## Provided data
[Start of section]
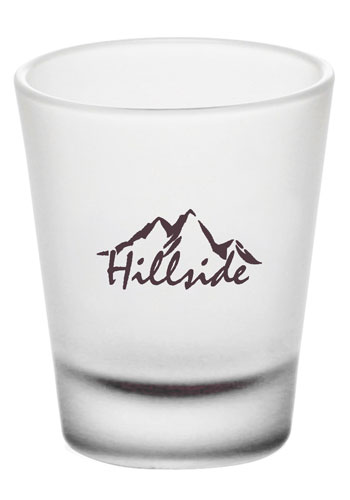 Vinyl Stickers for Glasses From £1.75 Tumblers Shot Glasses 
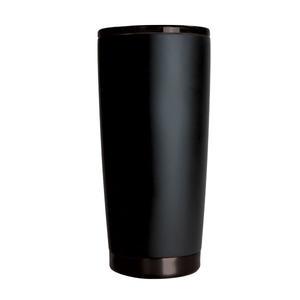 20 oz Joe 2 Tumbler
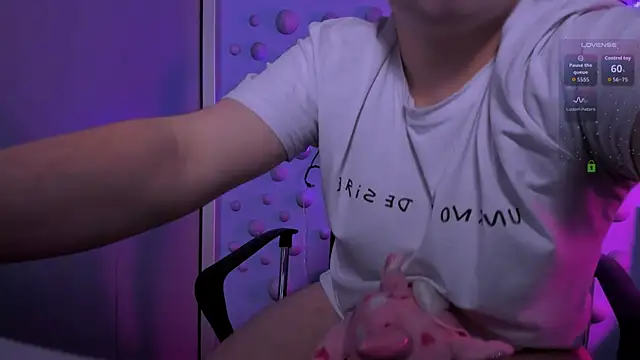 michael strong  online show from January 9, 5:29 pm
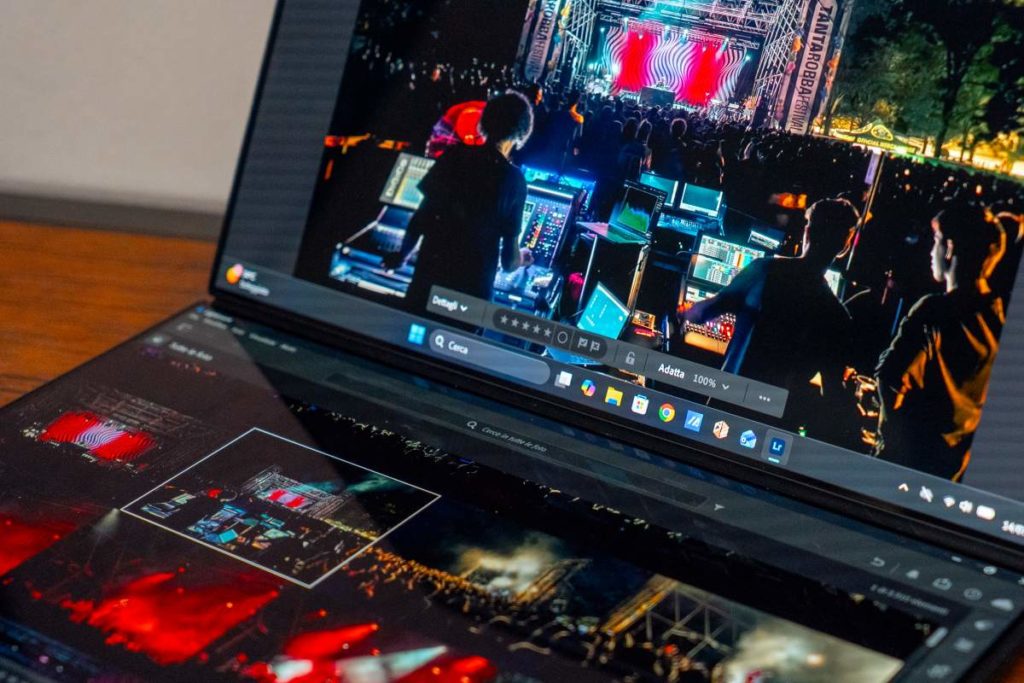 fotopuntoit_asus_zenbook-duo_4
[End of section]
## Problem statement
Transcribe the preceding listing in its entirety and with exact wording, leaving out pictures.

## Answer section
 Vinyl Stickers for Glasses From £1.75 Tumblers Shot Glasses 
 20 oz Joe 2 Tumbler
 michael strong  online show from January 9, 5:29 pm
 fotopuntoit_asus_zenbook-duo_4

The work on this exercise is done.